On Saturday she stopped eating.

Monday we took Muttley to the vet to discuss the nasty growth on his back leg, I discussed Daisy’s loss of appetite, and made an appointment to take Daisy in the next day, having thought that the vet would have prescribed an appetite stimulant. No problem, Daisy is always happy to zot into her carry case which, usually, means picnics and new adventures. This time I let her down.

She never came home.

Her kidneys and liver had shut down. It didn’t seem possible with all her shenanigans over the previous few days, and the vet couldn’t believe that she had continued as she was. The vet said that she had hung on, purring away on our laps, because of our special bond. I asked if we could take her home for a few days and was told that it would not be kind to her, so we had to call it. She died peacefully snuggled into my arms – a place she rarely left.

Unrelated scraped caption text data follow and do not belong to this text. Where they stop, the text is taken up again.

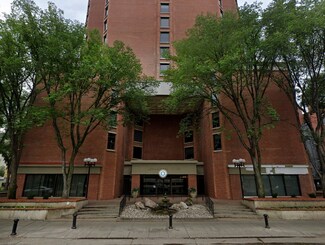 Más detalles de 11503 100th Ave NW, Edmonton, AB - Edificio residencial en venta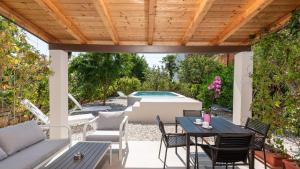Holiday Home with garden and private pool 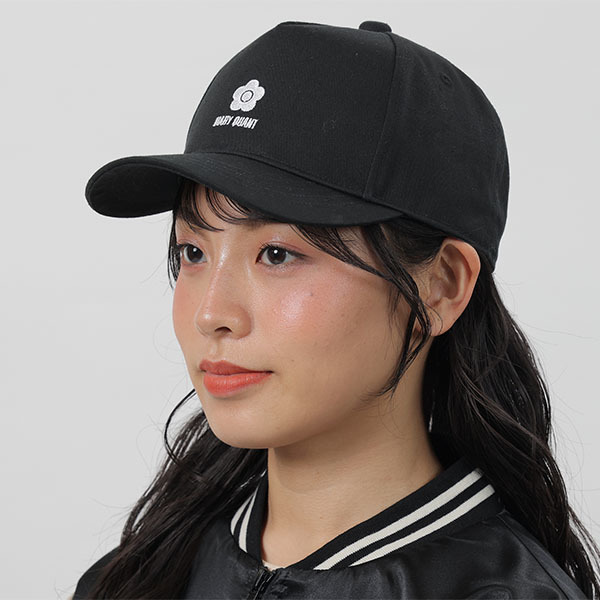 マリークワント✕NEW ERA(R) BIGデイジー キャップホワイト×ブラック マリークヮント✕NEW ERA(R) BIGデイジー キャップホワイト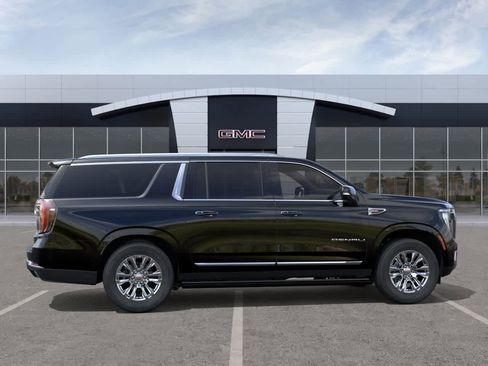 New 2026 GMC Yukon XL Denali w/ Sun & Power Step Package image 5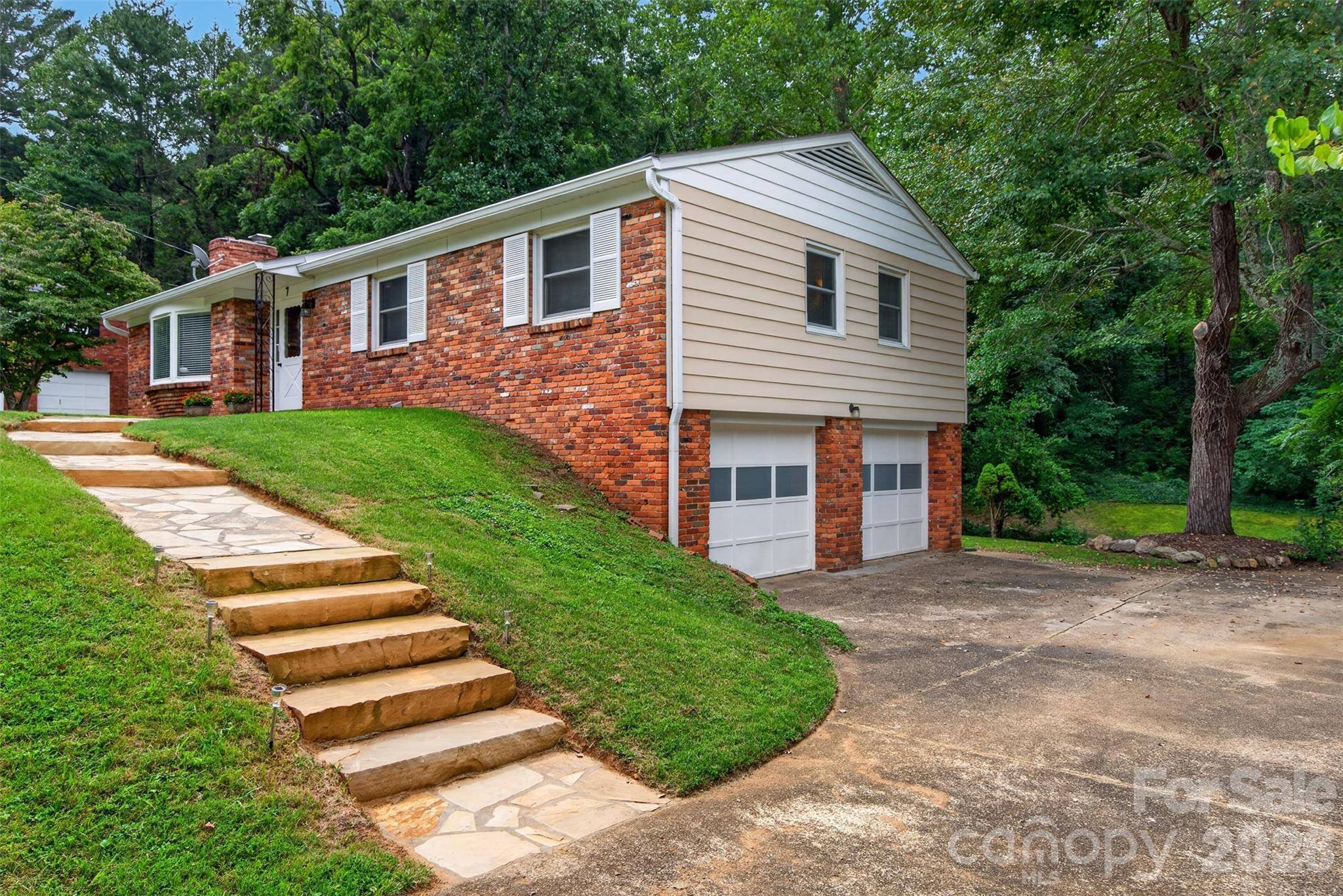 7 Mountainbrook RD, Asheville, NC 28805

What a girl. Do you remember the night we thought we’d lost her in France, when she managed to get herself locked into the VNF office and then, having worried us to death all night, came home the following morning complaining that she had no food or litter tray all night? The time I opened the side shutters on Matilda Rose and threw her half way across Tixall Wide before she landed with a splosh in the water? When she dropped a live rabbit on the dinner table in the middle of Sunday lunch (which took off down the boat with Baxter and Muttley in hot pursuit)? The ‘little mouse with clogs on’ that she let go of in the boat and lived with us for 6 months whilst Daisy spent every night gnashing her teeth at it whilst it ran around our bedroom ceiling? The wonderful walks along the beaches in Spain earlier this year whilst the locals looked on in astonishment?

She was one extraordinary lady who chose to live with us for eighteen years and our lives will never be the same without her. So I am going to share some pictures with you, and then a movie that my dear friend Marijke made for me; having so recently having had to say goodbye to her own beautiful dog Binte and who understands the pain. Thank you Graham, Marijke, Sue and Gezina (in no particular order) for being by my side whilst I try to come to terms with this.

I never saw it coming and, somehow, thought her to be immortal. I think you did too.